Personal information
- Full name: Douglas Dale Northway
- Nickname: "Doug"
- National team: United States
- Born: April 28, 1955 (age 71) Ontario, California, U.S.
- Height: 5 ft 11 in (1.80 m) '72 6 ft 2 in (1.88 m) '76
- Weight: 160 lb (73 kg)

Sport
- Sport: Swimming
- Strokes: Freestyle
- Club: Pima County Dolphins Oasis Aquatic Club (Tucson)
- College team: University of Washington University of Arizona
- Coach: Earl Ellis (Washington) Bob Davis (U. Arizona)

Medal record
Men's swimming
Representing the United States
Olympic Games
| Bronze medal – third place | 1972 Munich | 1500 m freestyle |
Pan American Games
| Gold medal – first place | 1975 Mexico City | 400 m freestyle |

= Doug Northway =

American swimmer (born 1955)

Douglas Dale Northway (born April 28, 1955) is an American former swimmer, who competed for the University of Washington and then the University of Arizona, and represented the United States at the 1972 Munich and 1976 Montreal Olympic Games. He won a bronze in the 1500-meter freestyle in the 1972 Olympics, and swam an Olympic and world record time in the preliminaries of the 4x200 freestyle relays at the 1976 Mexico City Olympics. His qualifying preliminary heat led the American Men's 4x200 freestyle relay team to a gold medal in the 1976 Olympic finals, though he did not swim with the final team. He was a world record holder in the 400-meter freestyle in April, 1976.

==High school era swimming==
Born on April 28, 1955, in Ontario, California, to Mr. and Mrs. Mervyn Northway, Douglas swam and trained with California's Claremont Crocodiles Swim Club under Coach John Reese from the age of around seven. The exercise improved his breathing and helped him deal with his asthma.

===Sahuaro high school===
After a move to Arizona in 1969 at 14, Northway attended Tucson's Sahuaro High School where he was coached by Dick Cooper. Northway helped lead the Suhuaro High swimming team to the 1972 Southern AAA Championships and Class AAA State Championships, and was a High School All American by his Junior year. His National Interscholastic Swimming Coaching Association All American status was a result of his 3:44.1 time in the 400-yard freestyle. With great depth and diversity in the swimming events in which he could compete, Northway entered 7 of a possible 9 events at the AAA Championships. By 17, Northway's best event was likely the 200 freestyle, where in 1972 he was on the honorary first team for the Tucson Daily Citizen. The 200 would remain a primary distance in his Olympic quests.

He did the majority of his focused training with Tucson Arizona's Pima County Dolphins under Head Coach Bob Davis and later swam for Tucson's Oasis Aquatic Club in the mid-70's. Bob Davis started the Dolphins in 1967, and was also an accomplished coach for the University of Arizona beginning in the early 1970s. When Davis moved to the Marin County Athletic Club in May, 1973, Northway followed him for the summer, though soon was busy with collegiate competition in the Fall.

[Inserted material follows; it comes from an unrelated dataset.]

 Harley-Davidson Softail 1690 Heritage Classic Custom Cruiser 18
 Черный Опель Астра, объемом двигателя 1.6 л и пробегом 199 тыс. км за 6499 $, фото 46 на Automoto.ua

Northway swam a 16:11.62 for the 1500-meter event, placing second at the Los Angeles Invitational after Rick DeMont, a world record holder in the event, who finished a full eight seconds ahead. Northway also swam highly competitive times in the 200 and 400 freestyles. The 1500 win set up Northway as an excellent Olympic trials' candidate.

Northway's pre-Olympic training regiment consisted of swimming 3–4 hours daily, training primarily with his Pima County Dolphin Coach Bob Davis.

== 1972-1976 Olympics ==
Northway represented the United States in the 1972 Munich and 1976 Montreal Olympics.

=== 1972 Munich Olympic bronze ===
At the August, 1972 Olympic trials in Chicago, Northway swam a qualifying 15.57.68 for the 1500-meter event, a career best time. He placed second in the 1500 behind Rick Demont, who broke the world record with a time of 15:52.91. Northway swam the second fastest time in the world for 1972 in the event, and came within 5 tenths of a second of the former world record of 15:57.1. Northway placed fourth in the 400 freestyle at the trials with a time of 4:02.84. Northway trained with the U.S. team at Westpoint, Virginia. The Men's head coach for the U.S. Olympic team that year was Peter Daland.

Northway arrived at the Olympic Village in Munich on August 20, 1972. As a 17-year-old at the 1972 Summer Olympics in Munich, Germany, he received a bronze medal for his third-place performance in the men's 1,500-meter freestyle (16:09.25). Mike Burton, a former Carmichael, California swimmer for Sherm Chavoor's Arden Hills swim team, won the event with a world record time of 15:52.58, and Australian Graham Windeatt took second.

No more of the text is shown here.